You can see a note on Emma Castelnuovo at THIS LINK

**Emma Castelnuovo** was born in Rome on 12 December 1913 and died in Rome on 13 April 2014. She grew up in an exceptional mathematical environment. It is well known that in the first half of the twentieth century an important field of mathematical research - algebraic geometry - was flourishing in Italy. Emma's father Guido Castelnuovo and her uncle Federigo Enriques, the brother of her mother Elbina, were prominent researchers in this field, both full professors in university. They were also very committed to mathematical education. In 1908 Guido was the chairman of the fourth International Congress of Mathematicians in Rome, when the Commission's direct parent of ICMI was founded and later on in 1912-1920 and 1928-1932 he served the Commission as a vice-president. In the years 1911 to 1914 he was president of the Italian association of mathematics teachers *Mathesis* and editor of *Bollettino della Mathesis*, the official journal of the association. Enriques was awarded honorary membership of ICMI during the tenth International Congress of Mathematicians in Oslo (1936) for his special activity in mathematics education. He was president of the Italian association of mathematics teachers *Mathesis* from 1919 until 1932, editor of *Bollettino della Mathesis* in 1919-1920 and later on of *Periodico di Matematiche*, the important journal which became the official organ of *Mathesis* in 1921. Both these mathematicians published articles in the journals addressed to mathematics teachers and participated in the discussion about Italian mathematics programmes. As we will see in the following, they were both influential in shaping Emma's view of mathematics teaching, see [24]. This rich mathematical milieu fostered contact with other important Italian mathematicians of the period as well as visiting researchers from abroad.
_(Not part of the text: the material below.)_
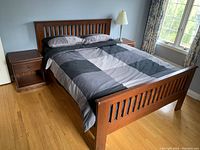 Angled view of full bedframe in bedroom setting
Emma graduated in mathematics at the University of Rome in 1936. She won the competition for a permanent position in state schools in 1938, but because of the racial laws of 1938 which had forbidden Jewish persons to have a position in state schools, her career as a secondary teacher began in 1945 in a middle school of Rome (pupils' age 11 to 14), where she remained until her retirement in 1979. During the Second World War she taught in the Jewish school of Rome to Jewish students, who were not accepted in state schools because of the racial laws. Just after the Second World War, Emma with a university professor and a young colleague organized a successful series of talks held by mathematicians, physicists, philosophers, and educators. Many teachers attended these talks. This initiative was a good sign for the re-birth of the Italian school and culture after the War.

Already at the beginning of her career Emma was looking for a way of teaching aimed at actively involving students. As she explains in the articles [12] and [13] that she found the answer to this wish in the treatise of geometry *Élements de géometrie* Ⓣ by Alexis-Claude Clairaut, published in Paris in 1741 and translated into Italian in 1751.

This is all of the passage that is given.